An Adaptively Resized Parametric Bootstrap for Inference in High-dimensional Generalized Linear Models

TL;DR

This paper proposes a resized bootstrap method for reliable inference in high-dimensional generalized linear models, addressing inaccuracies of classical methods when the parameter-to-sample size ratio is large.

Contribution

It introduces a novel resized bootstrap approach that shrinks the MLE to improve inference accuracy in high-dimensional settings.

Findings

Provides valid confidence intervals in simulations

Demonstrates effectiveness on real data

Extends to various high-dimensional GLMs

Abstract

Accurate statistical inference in logistic regression models remains a critical challenge when the ratio between the number of parameters and sample size is not negligible.

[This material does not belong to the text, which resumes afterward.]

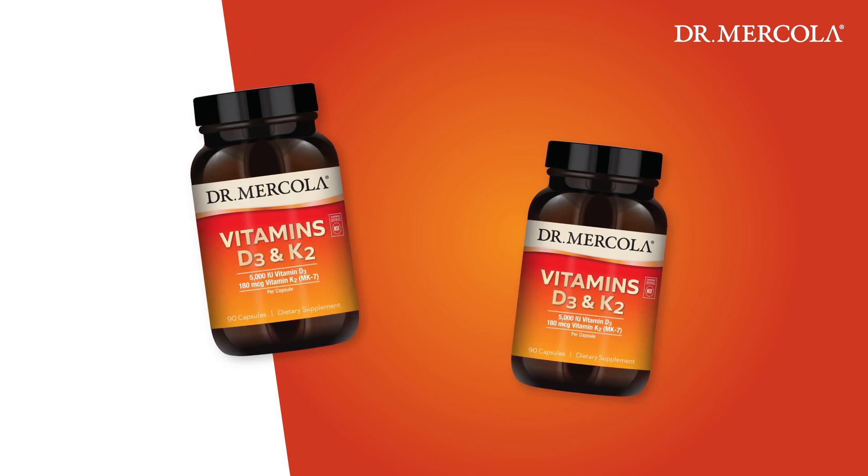The vitamin K2 in our formula is in a special form called MK7. This is the preferred form because it's natural and not synthetic, and it remains in your body for more than 24 hours — meaning you only need to take one capsule a day, unlike so many other vitamin K2 supplements that require multiple doses throughout the day. And instead of using soy, our MK7 comes from fermented chickpeas, providing a bioavailable, stable, and highly beneficial form of vitamin K2.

This is because approximations based on either classical asymptotic theory or bootstrap calculations are grossly off the mark. This paper introduces a resized bootstrap method to infer model parameters in arbitrary dimensions. As in the parametric bootstrap, we resample observations from a distribution, which depends on an estimated regression coefficient sequence. The novelty is that this estimate is actually far from the maximum likelihood estimate (MLE). This estimate is informed by recent theory studying properties of the MLE in high dimensions, and is obtained by appropriately shrinking the MLE towards the origin. We demonstrate that the resized bootstrap method yields valid confidence intervals in both simulated and real data examples. Our methods extend to other high-dimensional generalized linear models.